Waqf Board must reform its working, says Vikramaditya
Amid protests by a section of the majority community over alleged unauthorised mosques and inadequate verification of migrants coming to Himachal Pradesh, state PWD Minister Vikramaditya Singh has suggested that the Waqf Board should bring reforms in its functioning.
Time to make changes
With time, it is necessary to bring changes to every law, and similarly, the Waqf Board also needs reforms with changing times. — Vikramaditya Singh, PWD minister
“With time, it is necessary to bring changes to every law, and similarly, the Waqf Board also needs reforms with changing times,” the minister wrote on his Facebook page.
Elaborating on his social media post, he told The Tribune that he was a strong advocate of reforms in all religious institutions, not just the Waqf Board, with changing times. “Reforms are needed everywhere after a certain period of time.

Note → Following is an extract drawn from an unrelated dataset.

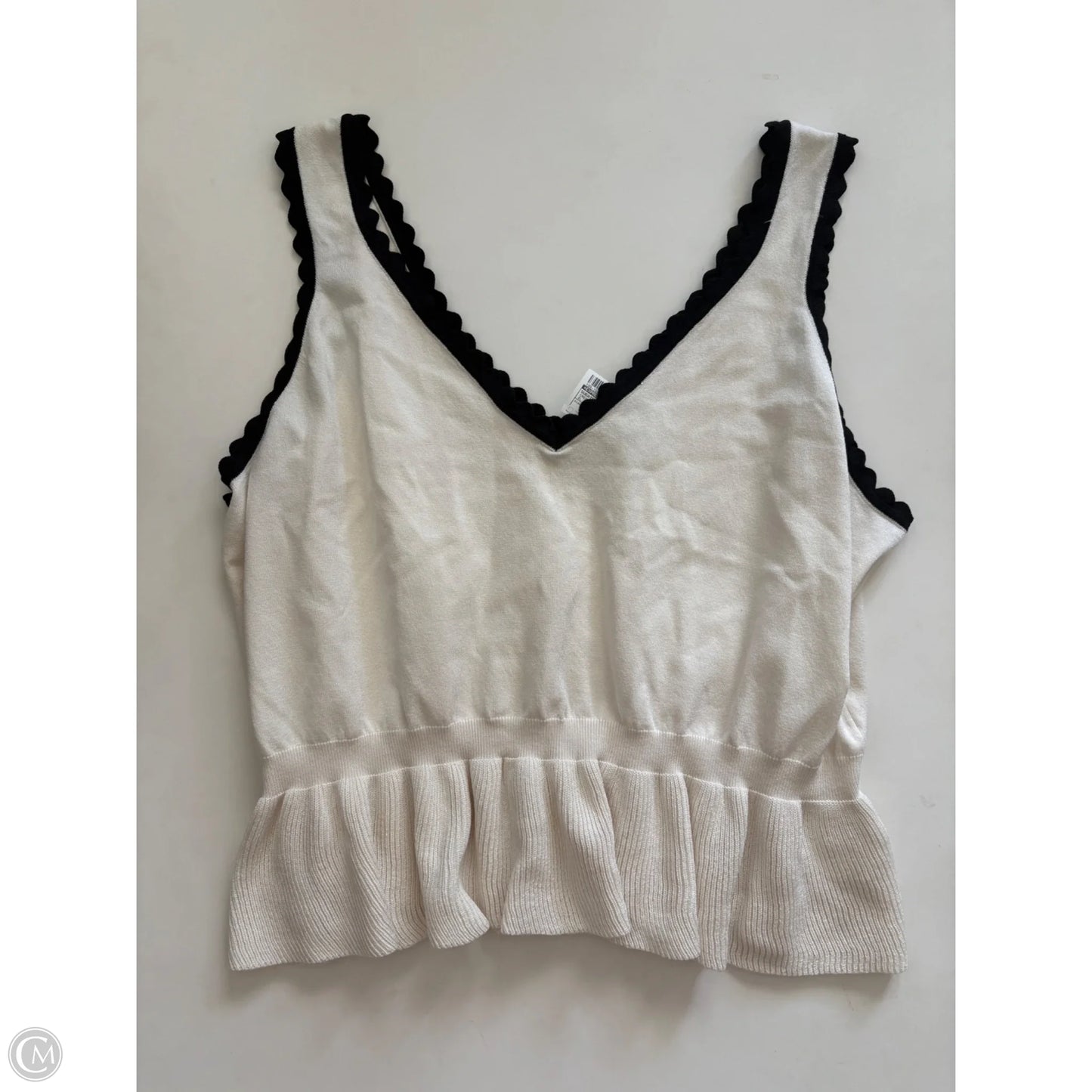 Sweater Short Sleeve By Express In Cream, Size: Xl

Hindu temples have seen many reforms. Late CM Virbhadra Singh brought the Bhima Kali Temple Trust under the ambit of the government, although it was a private trust,” he said.
Reforms in the Waqf Board would make its functioning more effective and transparent, he added. “The streamlined and transparent Waqf Board is in the interest of its own people. The board has around 9.7 lakh acre land across the country. This should generate a revenue of around Rs 2,500 crore for the board every year, but it’s getting only around Rs 150 crore per annum,” he said.
A reformed Waqf Board would help ease communal tension and unrest that the state was witnessing at the moment, he added.
“There appears to be some doubt and suspicion among the people regarding the functioning of the Waqf Board. If there’s transparency in its functioning, doubts and suspicion among the genuinely concerned people will be dispelled. And this will foster peace and harmony among the people in the state,” he added.